Whereas the Imperial and Royal Austro-Hungarian Government has committed repeated acts of war against the Government and the people of the United States of America : Therefore be it Resolved by the Senate and House of Representatives of the United States of America in Congress assembled, That a state of war is hereby declared to exist between the United States of America and the Imperial and Royal Austro-Hungarian Government; and that the President be, and he is hereby, authorized and directed to employ the entire naval and military forces of the United States and the resources of the Government to carry on war against the Imperial and Royal Austro-Hungarian Government; and to bring the conflict to a successful termination all the resources of the country are hereby pledged by the Congress of the United States.

==International reactions==
- Austria-Hungary: the Austro-Hungarian foreign minister, Count Ottokar Czernin, remarked that the declaration of war "will be bad for Austro-Hungarians in America, but will not influence the results of the war."
- Kingdom of Italy: in Italy, the newspaper Corriere della Sera, in a staff editorial, stated, "Austria-Hungary has today a powerful enemy, and this enemy is for us a friend whose friendship must serve in war and peace "
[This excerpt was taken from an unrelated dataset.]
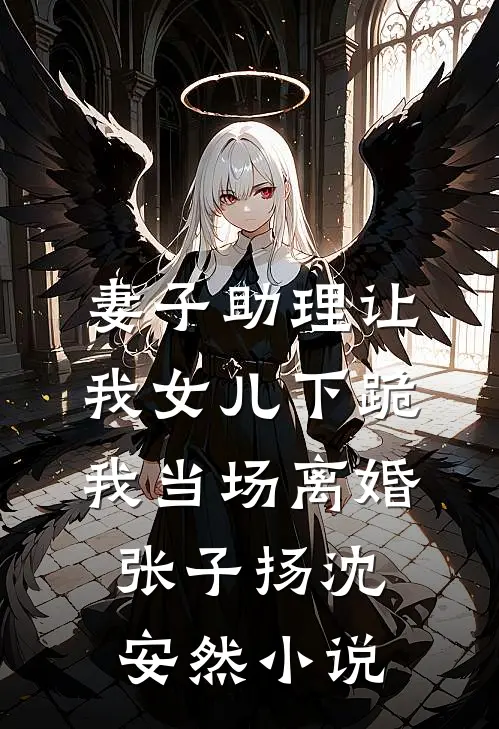 妻子助理让我女儿下跪，我当场离婚张子扬沈安然小说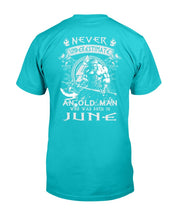Load image into Gallery viewer, Never Underestimate An Old Man Who Was Born In June T-Shirt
- Soviet Russia: in the Russian Soviet Federative Socialist Republic, the official Army Journal, in a staff editorial, declared, "Peace by means of war. This is the mark under which the American imperialists are posing. America declares herself the implacable enemy of Austria-Hungary without any evident reason, without any justifying motives save covetousness and greed. American capitalists talking with hypocrisy about the horrors of war are striving to lengthen the bloody terror."

==Aftermath==
In autumn 1918, the imperial government collapsed, and on October 18, Stephan Burián von Rajecz, acting on behalf of the remnants of the state organs, sued for peace. The US Senate declined to ratify the Treaty of Saint-Germain-en-Laye and the Treaty of Trianon, which established peace between the Allied powers and Austria-Hungary and resulted in the formal dissolution of the Austro-Hungarian Empire. As a result, the state of war between the United States and a nonexistent Austria-Hungary continued, albeit without active hostilities, until it was officially terminated by the U.S.–Austrian Peace Treaty (1921) and the U.S.–Hungarian Peace Treaty (1921), which were signed by Austria-Hungary's successor states: Austria and Hungary.